Since January of 2015, the Health Care Agency has averaged 1.6 inspections of complex food facilities per year, falling short of the FDA recommendation of 3 per year. Research has shown a correlation between the decreased number of inspections, and an increase in major violations and noncompliance. The environmental health fees have not been adjusted since 2008, and the department has scaled back operations to meet their budget. Environmental health involves the prevention of hazardous materials from contaminating ground water and other water sources and public swimming pools, in addition to protecting bathers from public health risks and ensuring that drowning prevention equipment is in place. The Health Care Agency staff recommended a 5.47%, 6.11%, and 4.05% increase of environmental health fees over the next three years, respectively, to meet FDA recommendations. My support for the fee adjustment stems from my concern to safeguard public health.
In addition, both the Food Safety Advisory Council, as well as restauranteurs ranging from corporate to individual ownership, supported this increase. Additional inspections will serve as an educational tool for business owners to ensure their compliance with the law and provide quality service to their customers.
The second major discussion of this item revolved around the restaurant public notification system. Although the Board was asked to consider adopting a letter grading system, the majority voted to maintain the current placard system.
Research has been conducted to evaluate the effectiveness of both systems, and neither have shown to be more successful than the other. In fact, many of the neighboring counties who operate under the grading method have run into substantive issues. For instance, an “A” grade in Los Angeles may pass for a “B” in San Diego, as there is no consistent point scale across the counties. Further, restaurants with a major violation (improper cooling temperatures, rodents, etc) may still qualify for an “A” under some point systems.

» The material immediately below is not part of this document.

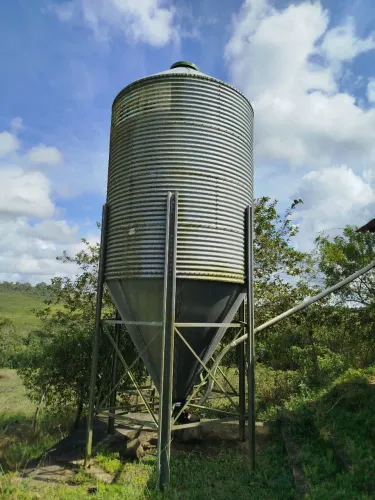 SILO PARA GRAOS E  RAÇÕES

Until a more unified grading system has been established, I decided, along with the majority of the Board, to maintain the current system of Pass, Pass/Reinspection Due, and Closure placards.
The Health Care Agency strives to protect the public to the best of their ability; therefore, transparency is a priority. Anyone can ask an establishment for their inspection report, as well as access the information online at ocfood.com. There is also a new iPhone and Android App which allows access to all inspection reports and lists nearby restaurants based on current location. The app is available through the ocfood.com website.